The poetry of Kim Whysall-Hammond

The Shape of Rain

I am a rain drop.
Imagine raindrops
you see tears
but clouds do not cry.
Over England they excrete
ice crystals that melt
drop and tumble
balling, falling.
Surface tension
marries colliding drops
yet divorce is common.
Plummeting, flattening
rain discs hit the London pavement
lose their identity
in puddles and pools.

 

 

 

Dark heat

This clump of small trees conceals a secret,
steep rock scattered slope sliding into black
amongst long tangled roots.
A high tunnel, arching roof, sharp cutting surfaces,
rock drips hanging,
umbilical cord sinuously writhing down
into volcanic depths now empty
silent and still.
Liquid rock ran here once,
the rock around us the scum that floated
on a glowing river extruding into up above
reaching out with fiery devils fingers
grasping at fields and lives.

Night is a cavern, a tunnel to the depths,
it can be littered with fears
haunted by worries, swamped by unslept sleep.
This primordial dark, this barren silence
is filled by the hammering of our hearts.
An apocalypse that is long gone into history,
still we feel the presence of subterranean death
hear disaster echoing across time.


Kim Whysall-Hammond is a native Londoner who now lives in the country. Each of her Grandfathers told bedtime stories about their adventures; escapes from Mining explosions, stowing away on ships and visiting strange lands.
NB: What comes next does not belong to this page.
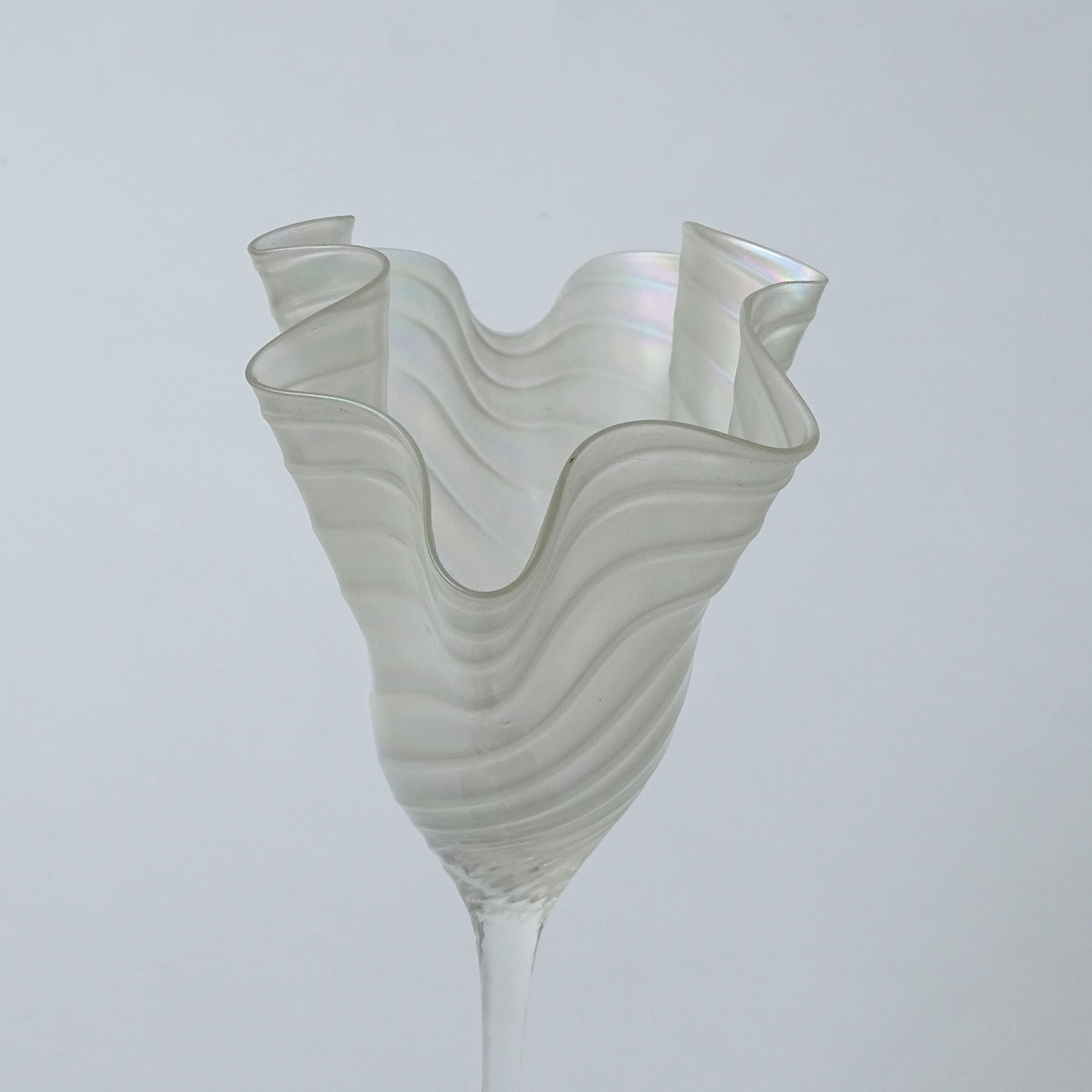 Steuben Verre de Soie Glass Fan Vase, Corning, New York 1925 In Excellent Condition For Sale In Milan, IT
She always knew that she could do any of that, once her hair was cut and so didn’t need to be plaited each morning. Kim has been published by Ink, Sweat and Tears, Three Drops from a Cauldron, Amaryllis, The Peacock Journal and Star*Line.

3 comments

  1. Kim Wysald-Hammond has a poet’s eye and imagination in her observance of the commonplace. Reading her thoughts of rain and night , I found myself musing in ways I never have before about those subjects. My favorite lines were “you see tears but clouds do not cry” and “night is a cavern, a tunnel to the depths.”